How delete object in one side at bidirectional relation?

Question

I want delete relation from one side. Let me explain.

My database looks like this :

I based my repositories on JPARepository .

and I have two entities Team and Player .

Player Entity looks like this:

@Entity
    @Table(name = "PLAYER")
    public class Player implements Serializable, Comparable<Player>{
        private static final long serialVersionUID = 1L;

        @Id
        @GeneratedValue(strategy=GenerationType.AUTO)
        private Long id_player;

        @Size(min=3, max=20)
        private String name;
        @Size(min=3, max=20)
        private String surname;
        @Size(min=3, max=20)
        private String position;
        @Min(value=10) 
        private int age;
        @Min(value=1)
        private int number;

        @ManyToOne(fetch = FetchType.LAZY)
        @JoinColumn(name = "id_team")
        private Team team;
        //getters and setters
    }

...and Team entity:

@Entity
@Table(name = "TEAM")
public class Team implements Serializable, Comparable<Team>{
    private static final long serialVersionUID = 1L;

    @Id
    @GeneratedValue(strategy=GenerationType.AUTO)
    private Long id_team;
    @Size(min=4, max=20)
    private String name;
    @Size(min=4, max=20)
    private String city;
    private int goals_hit;
    private int goals_lost;
    private int points;
    private int ranked;

    @OneToOne(cascade = CascadeType.MERGE)
    @JoinColumn(name = "id_coach")
    private Coach coach;

    @ManyToOne(fetch = FetchType.LAZY)
    @JoinColumn(name = "id_stadium")
    private Stadium stadium;

    @OneToMany(mappedBy = "team", fetch = FetchType.LAZY)
    private List<Player> playerList;

    @OneToMany(mappedBy = "team", fetch = FetchType.LAZY)
    private List<TeamChoosenDate> teamChoosenDateList;
    //getters and setters
}

So Player contains one relation to Team but Team contains a List of Players .

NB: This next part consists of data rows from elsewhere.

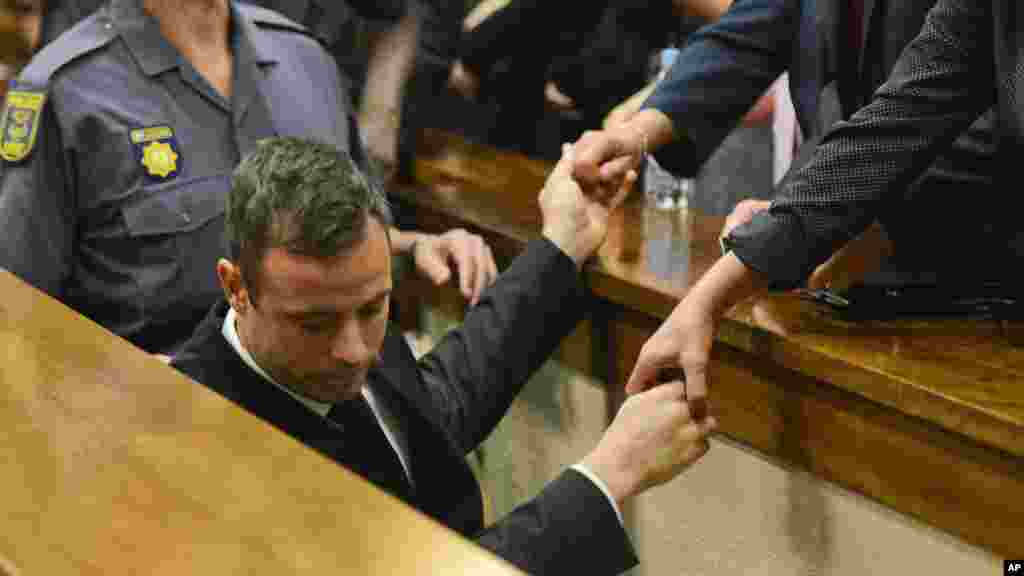 Juste après le verdict, Oscar Pistorius est conduit immédiatement vers les cellules souteraines de la cour à Pretoria. Sa famille a juste le temps de serrer ses mains un bref instant. Le 21 octobre 2014. 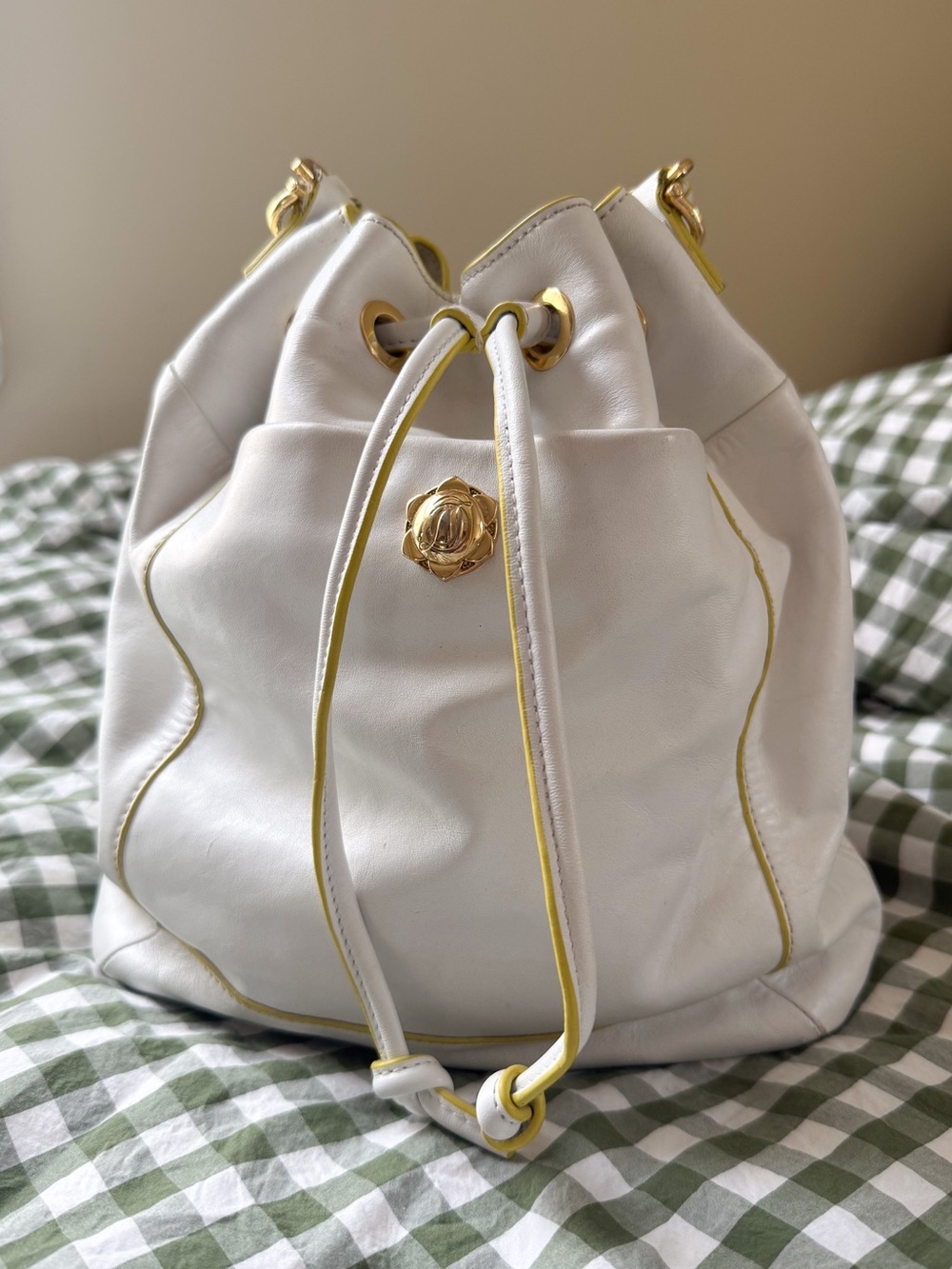 Draper James White Leather Drawstring Bucket Bag with Yellow Trim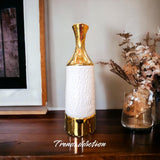 White And Golden Vase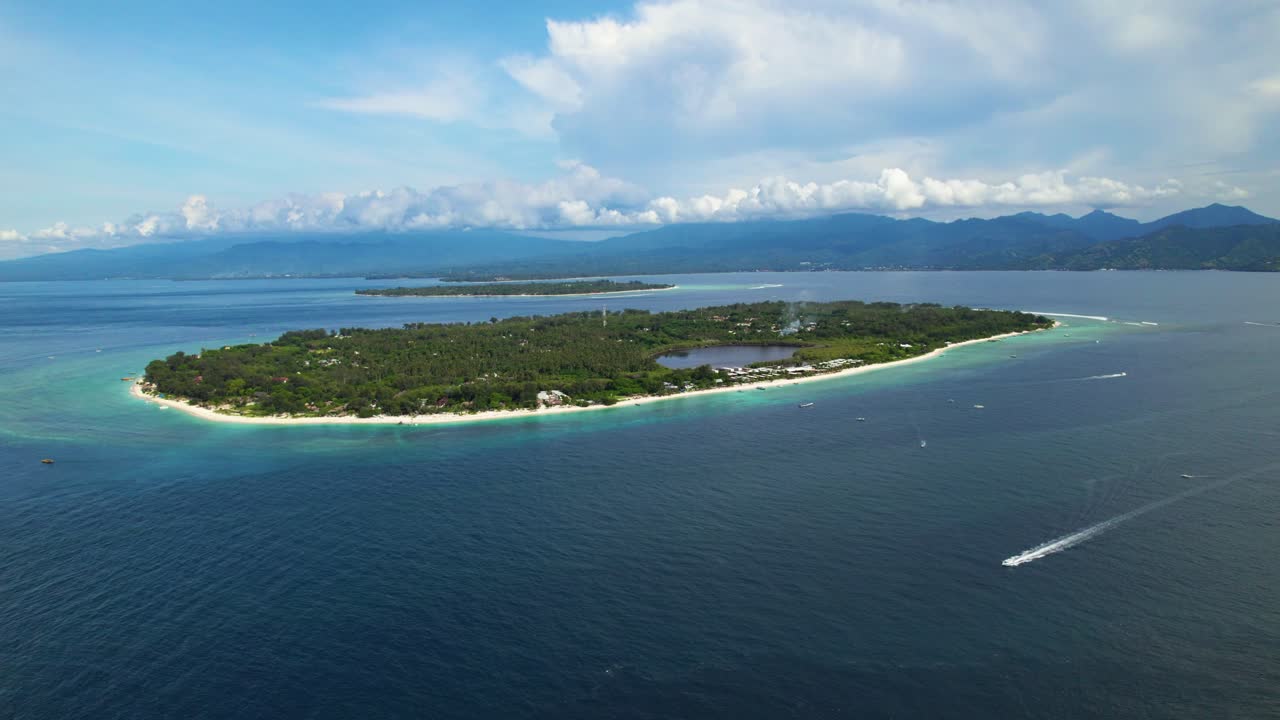 Gili Meno island with boat passing, high aerial establishing Indonesia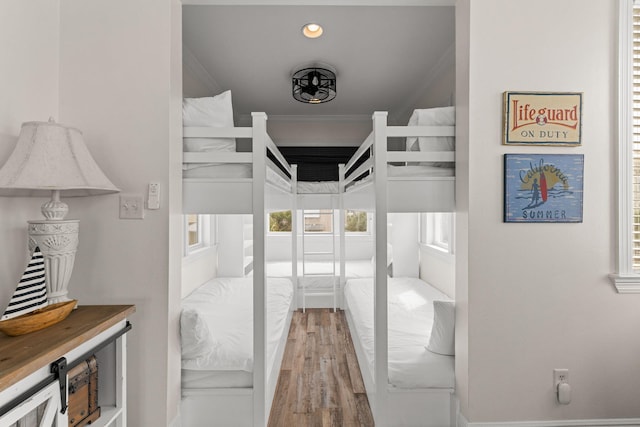 bedroom with crown molding and hardwood / wood-style flooring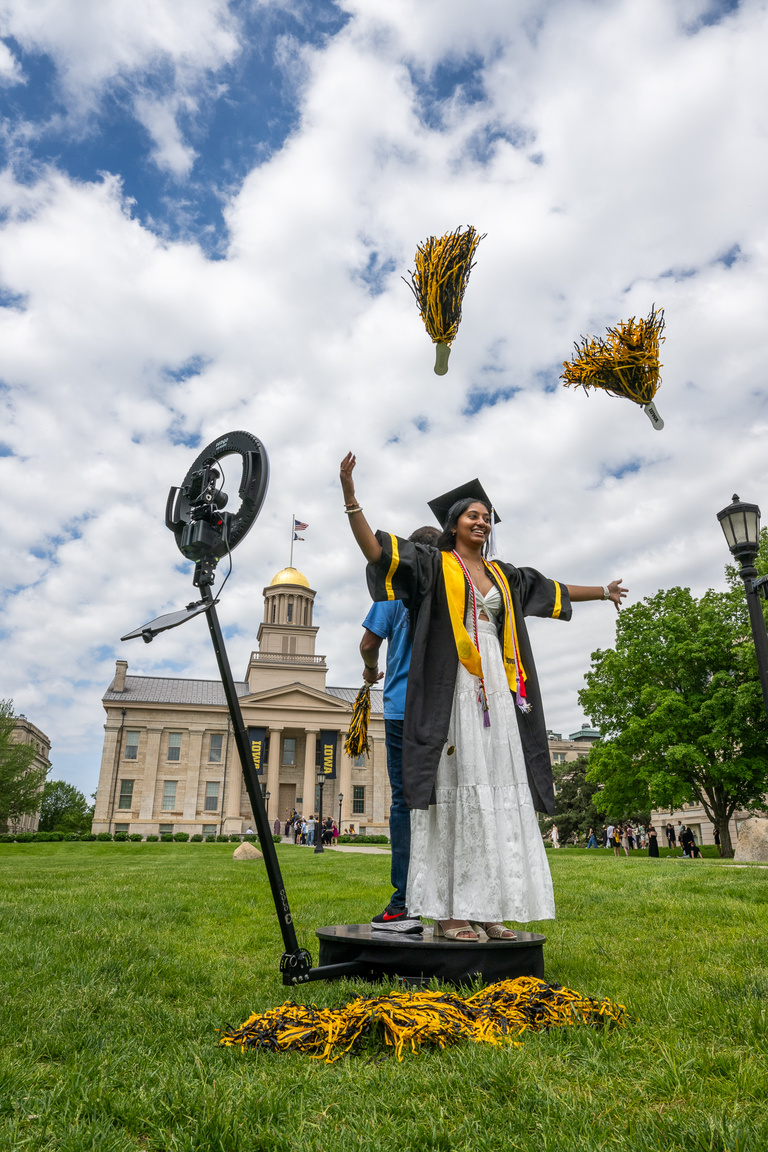 A graduate throws pompoms in front of Old Capitol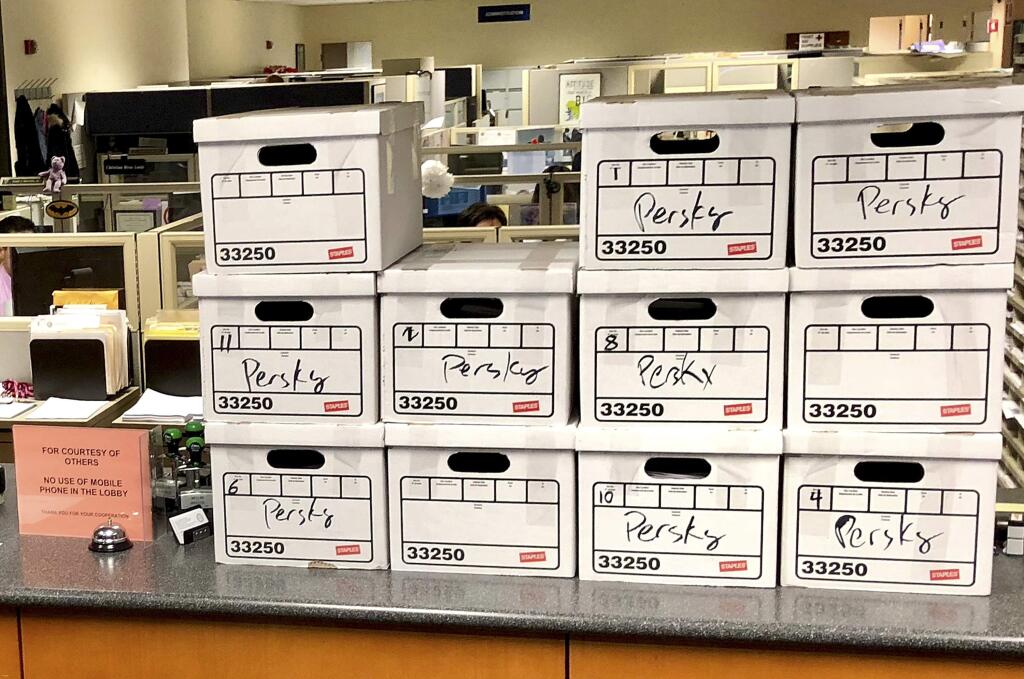 This photo released by John Shallman, shows boxes of petitions with signatures that call for the recall of Santa Clara County Judge Aaron Persky, a California judge who came under fire for his handling of a sexual assault case involving Stanford University swimmer Brock Turner, at the Santa Clara County Registrar of Voters office in San Jose, Calif., Thursday, Jan. 11, 2018. Stanford University law professor Michele Dauber said the campaign to remove submitted nearly 100,000 signatures on Thursday to get the recall on the June 2018 ballot. (John Shallman via AP)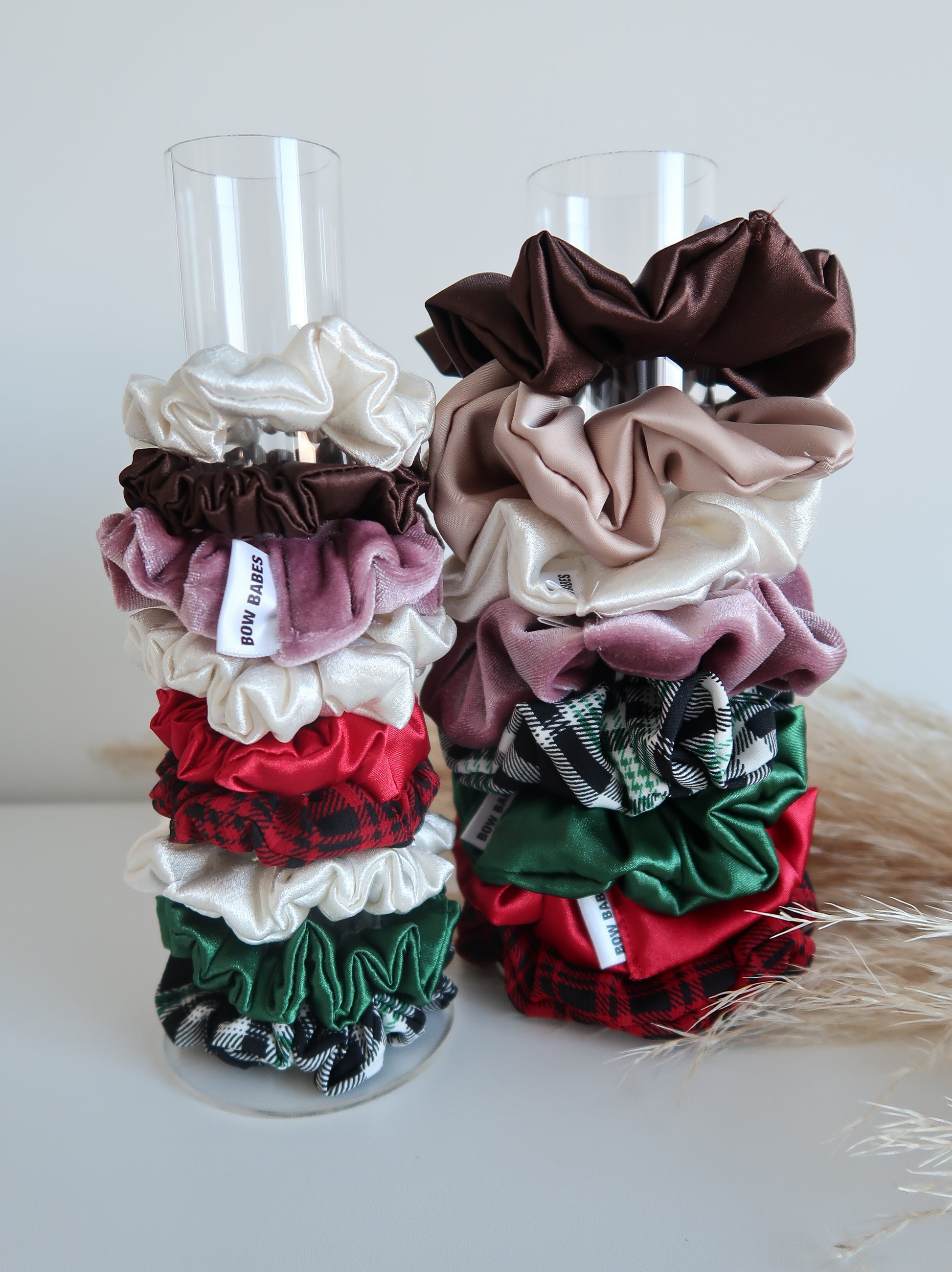 Stack of colorful scrunchies on a clear stand against a white background
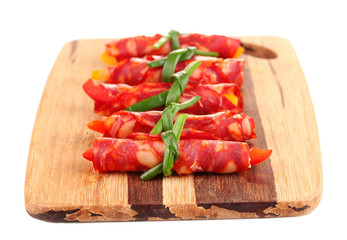 Salami rolls on wooden board, isolated on white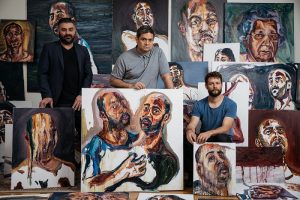 Arts centre director Michael Dagostino, Sydney Festival director Wesley Enoch and artist Ben Quilty surrounded by Myuran Sukumaran works.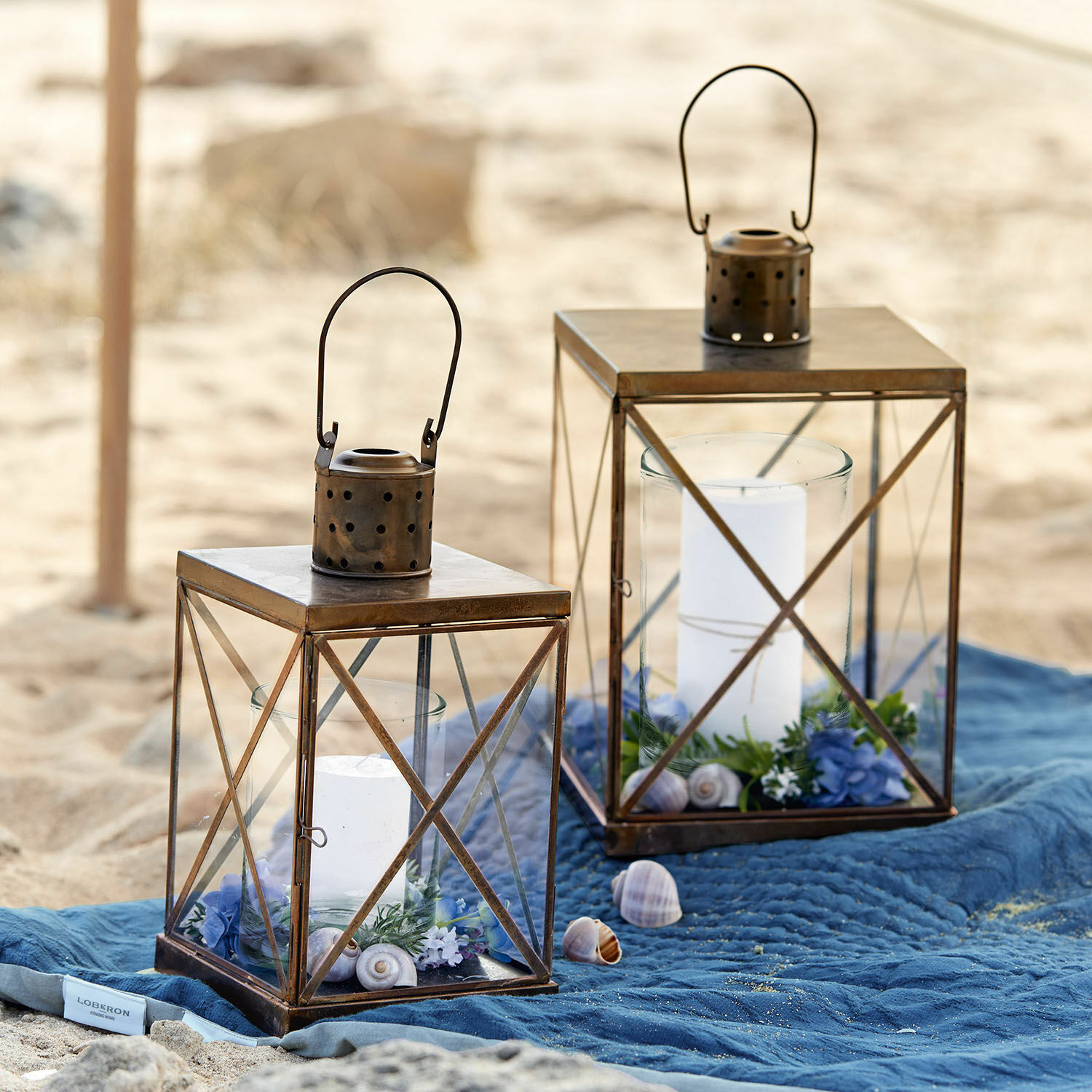 Laterne 2er Set Garance Zwei braune Metalllaternen mit weißen Kerzen und Dekorationen auf blauem Tuch am Strand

Coach can edit his team and for example he wants delete Player from Team (relation between Team --> Player ) but not lose the Player (because he has relations with other table - Events ).

In conclusion: Delete Player from correct Team , but NOT LOSE Player object.

How can I do this ?

My try: I delete Player from List but every time when I reload - he comes back... Below method shows how I do this :

public void deletePlayerFromTeamPlayerList(Long idTeam, int idPlayer){

    Team team = teamRepository.findOne(idTeam);
    Player playerTmp = playerRepository.findOne( (long) idPlayer);

    List<Player> playerList;

    int indexOfFindedPLayer;


    playerList = team.getPlayerList();

    System.out.println("Before Delete: " + playerList.toString());

    indexOfFindedPLayer = playerList.indexOf(playerTmp);

    if(indexOfFindedPLayer >= 0){
        playerList.remove(indexOfFindedPLayer);

        System.out.println("After Delete: " + playerList.toString());

        team.setPlayerList(playerList);
        teamRepository.save(team);
    }
}

But when the element is removed, at Player object id_team is still the same (ex. id_team = 2)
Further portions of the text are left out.